SIPP  

Liberty Sipp legal case falls apart

Liberty Sipp legal case falls apart

A group action against troubled self-invested personal pension provider Liberty Sipp will no longer go ahead, with claimants turning to the Financial Services Compensation Scheme instead.

FTAdviser understands that Wixted & Co acted for 28 claimants in a group action against Liberty Sipp in respect of potential claims relating to non-standard investments.

As part of this, test cases were selected and a trial was due to be heard in September 2020.

But because Liberty Sipp fell into administration in April 2020, before the trial was due to take place, a statutory moratorium was placed on the proceedings and will remain in place unless an application is made to lift it.

A moratorium prevents legal action being taken against a company when it is in administration.

According to Tim Hampson, partner at Wixted & Co, in order for an application to succeed, the administrators have to agree to the moratorium being lifted and the court has to agree that it is in the best interests of all creditors.

However, this rarely happens where claimants wish to pursue purely monetary claims, he said.

Hampson said: “It is a shame that the trial could not take place because the court would have considered a lot of the issues which were ultimately determined in favour of our client Russell Adams by the Court of Appeal. 

“With no prospect of the litigation continuing, all of the claimants have made claims at the FSCS instead.”

As of February 25, the lifeboat scheme had paid out £5.8m in compensation on 187 claims but in total had received 1,860 claims against the firm.

These claims relate to due diligence failings on the part of Liberty Sipp.

The provider was only placed in default in January, which is when the FSCS started to pay out on successful claims.

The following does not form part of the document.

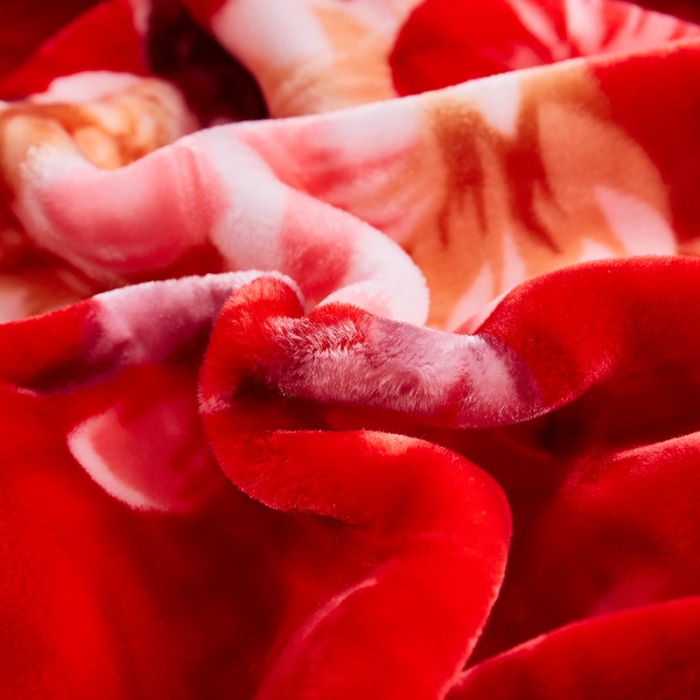 91家纺网 家纺一手货源 找家纺 凯轩毛毛毯毯子 2024新款加大云毛毯毯子 花都-大红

A declaration of default happens when the FSCS deems that a firm cannot meet any eligible claims made against it.

The Liberty Sipp Limited business and customer assets were sold to EBS Pensions Limited, part of the Embark Group, in October 2018, which then rebranded the Liberty Sipp as Option Sipp.

However, the legal entity Liberty Sipp Limited was not part of the sale and retained its liabilities. It consequently had to pay out against any complaints using the assets it held.

Liberty Sipp fell into trouble when it was hit by a number of complaints from clients who had allegedly lost money after making high-risk investments.